La “ruota” esiste ancora oggi nell'ospedale trevigiano, come negli altri centri nascita d'Italia, ha la forma di una culla accogliente ed è sempre pronta se una mamma decide di mettere al mondo un figlio partorendo in anonimato. Lo può fare in un luogo sicuro, dove c'è sempre qualcuno che si prenderà cura del neonato, fino all'affidamento a una famiglia adottiva. Il silenzio di quella mamma sarà rispettato, la sua identità protetta, come prevede la normativa.

In ogni caso l'abbandono non è una scelta facile e la ferita della separazione, di quel cordone ombelicale tagliato subito, condizionerà per sempre le vite di madre e nascituro.

Le storie. Ogni storia di abbandono è diversa. Racchiude motivazioni e paure. Passati pesanti e presenti privi di sicurezze economiche o affettive. Timori e solitudine. Qualche volta c'è l'incapacità di abortire la vita che cresce dentro di sé. Altre volte, la voglia di interrompere volontariamente la gravidanza si scontra con la legge che prevede l'aborto entro il termine di 90 giorni.

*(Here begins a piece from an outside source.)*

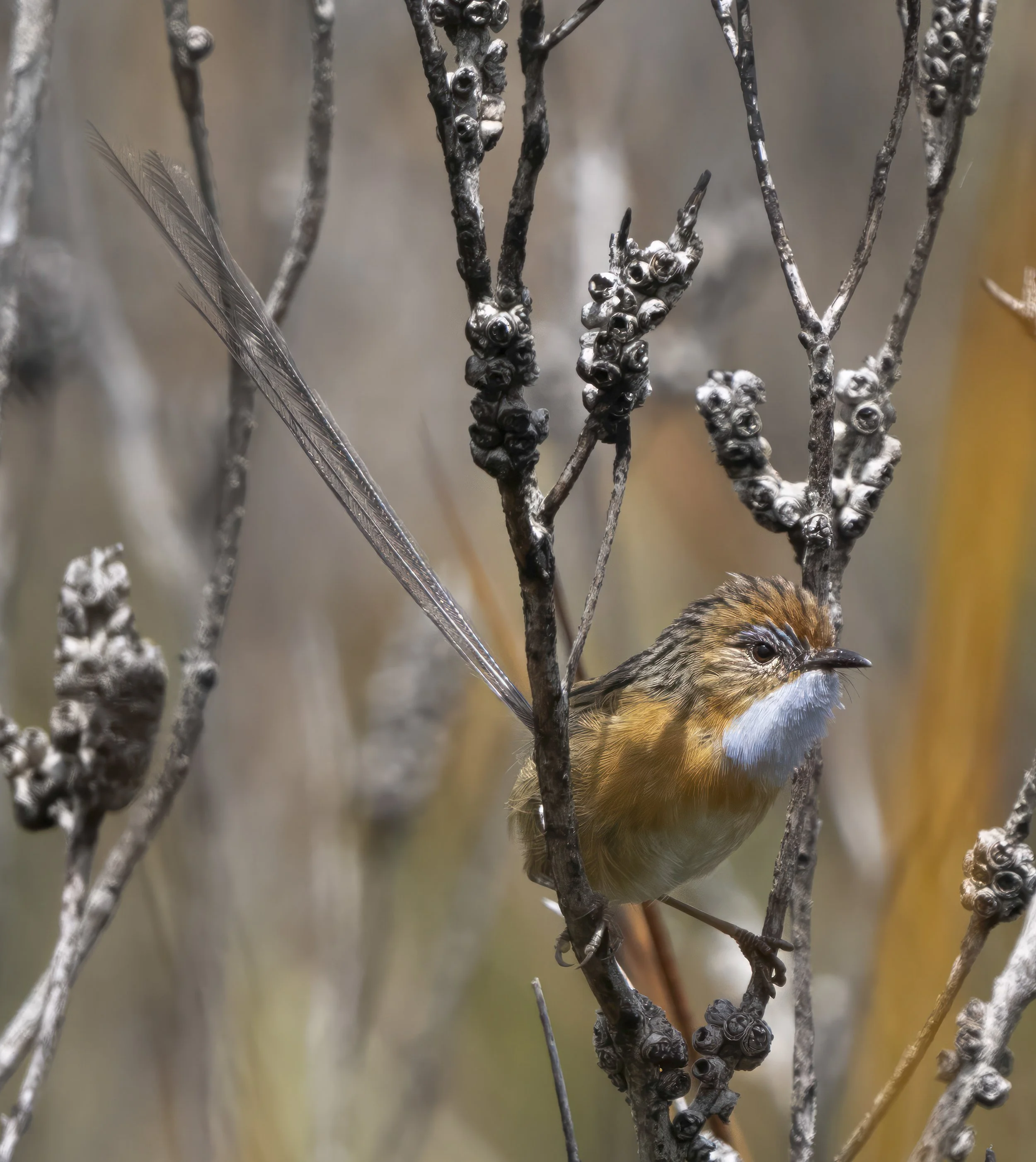 Southern Emuwren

Il caso di Anna. Dopo essere stata lasciata dal fidanzato, sono passati tre mesi. Un ritardo del ciclo, il sospetto. Si è fatta forza, è andata in farmacia, ha comperato un test di gravidanza e ha sperato. «Quel giorno ho pregato di non essere incinta», racconta. Due strisce blu, il test era positivo. Ha sperato ancora che ci fosse un errore. Si è arresa solo quando il ginecologo le ha detto: «Signora, lei è incinta». La testa vuota e tante lacrime. Era passato troppo tempo per interrompere la gravidanza. Le restava solo una cosa da fare, aspettare i nove mesi. Così ha fatto. Una mattina d'autunno le si sono rotte le acque. È andata all'ospedale, ha partorito e ha deciso. Ha lasciato lì il neonato, dopo averne parlato con il personale,è uscita dal reparto per non tornarci mai più.

La storia di Paola. Lei invece aveva già tre figli quando ha scoperto di attenderne un quarto. Intorno vedeva tante difficoltà, solo lavori saltuari e l'assenza di un marito accanto per crescere insieme i bambini. «I figli sono un dono, ma un'altra bocca da sfamare è impossibile senza un reddito sicuro», ha spiegato. Passavano i mesi, la pancia cresceva, così come i pensieri e il rimorso per dover lasciare quel figlio, non atteso, ma comunque amato, fin dal primo istante. Anche lei ha partorito al Ca' Foncello. Il suo distacco però è stato sofferto. Straziante separarsi dal suo «cucciolo» salvo poi consolarsi, con il pensiero «che starà bene e starà in una famiglia che non gli farà mancare l'amore». Dopo qualche settimana dall'addio Paola ha chiamato in reparto, per sapere. «Va tutto bene» le rispondono.

Cosa succede dopo. I nomi per i figli di Anna e Paola sono stati scelti dai dipendenti degli uffici comunali. Il cognome invece è sempre fittizio e viene modificato una volta che c'è l'adozione. «Con un colloquio spieghiamo a queste mamme che la legge prevedere 10 giorni prima della denuncia di nascita e che poi c'è tempo ancora un mese per sospendere l'iter di adottabilità», spiega Mery Bottarel, vicepresidente del Collegio Interprovinciale delle Ostetriche, «fino all'ultimo lasciamo a queste donne la porta aperta, per ritornare sui propri passi. Difficilmente accade». Non si può condannare. «Sono dinamiche molto intime», conclude Bottarel, «ma bisognerebbe che la possibilità del parto in anonimato fosse più conosciuta. Sentire che oggi ci sono ancora bambini abbandonati in un cassonetto fa male. Tutte le mamme devono sapere che il parto in ospedale è un loro diritto. Niente differenze, nessun giudizio».